Editor’s note: This article was written by veteran Black educator Aaron Massey. See his full bio at the bottom of the article.

Harlem Children’s Zone’s Geoffrey Canada. Urban Prep’s Tim King. Both extraordinary examples of Black men who have taken extraordinary lengths to serve Black boys in ways that honor their multifaceted backgrounds, dynamic voice, and lived experiences.

Though these two men have had a great impact during the time in which they have walked this earth, they are rare exceptions. They are a part of an illustrious community of Black men across generations and time in this nation. 2 percent of teachers in the United States are Black men

Students, namely Black boys, are significantly more likely to graduate high school and enroll in college if they have a Black man as a teacher in elementary school. Black boys improve standardized test scores when they have Black men as teachers.

Simply put, Black boys – and students more broadly – benefit from having Black men in the classroom.

Yet we continue to see a stark gap in education between the most represented group of teachers, White women, and Black men.

Yet we continue to see a stark gap in academic achievement and growth between Black boys and White boys/White girls. 

Yet we continue to see a stark gap in dropout rates among Black boys and White boys. 

Where we are disproportionately represented – five times the rate of White people – is prison. Why? 

Because Black boys and Black men don’t have space in education. 

The body of education has been – and continues to be – unhealthy. At the heart of this issue is race-based, deficit minded rhetoric espoused by politicians, media giants, and the like. 

Acknowledging, for example, that “U.S. social institutions…” like the education system “are laced with racism embedded in laws, regulations, rules, and procedures that lead to differential outcomes by race”. 

Reducing the esteemed talent of lyrical wordsmiths to hate-mongers.

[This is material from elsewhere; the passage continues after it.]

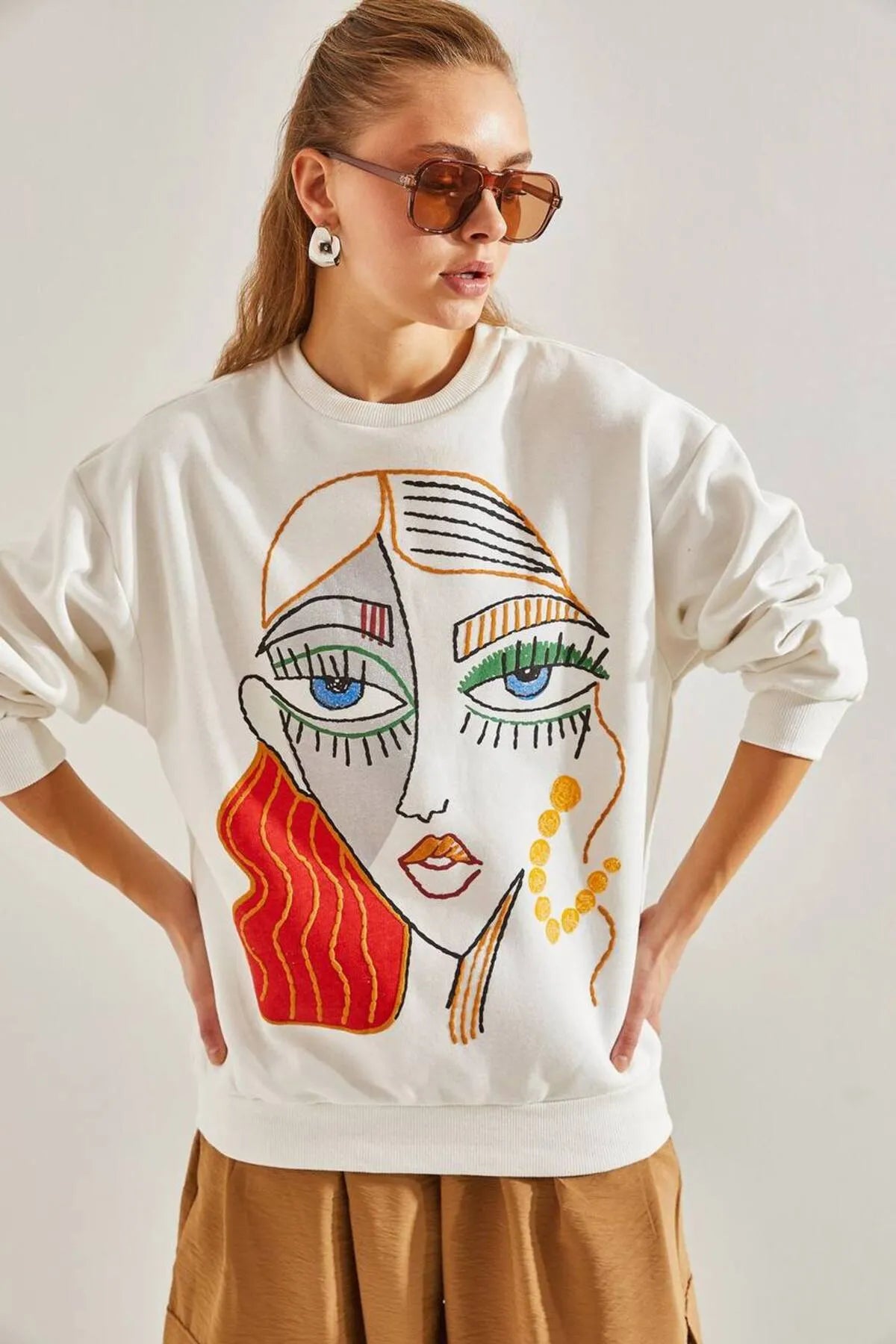 Kadın Figür Baskılı Bisiklet Yaka 3 İplik Şardonlu Sweatshirt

The beauty of big nostrils and nappy hair to caged gorillas. 

We continue to digest discipline practices that strip Black boys of their mental, physical, and emotional safety akin to the systemic structures that strip Black men of freedom and life. The breaths we take are short and toxic from the prison air we start to breath in third grade, due to our reading scores. 

I can’t breathe. 

A minuscule number of those Black boys grow up and become Black teachers. I was one of them. 

And where we often tend to be pushed at in education is being disciplinarians. The only person in the building that can “handle” Black boys’ behavior. This juxtaposition of wanting to help little Black boys but being pushed to discipline them leads to burnout and unsettled, complicated feelings of seeing the hope in the eyes of the children with little to no systemic power to truly help them. 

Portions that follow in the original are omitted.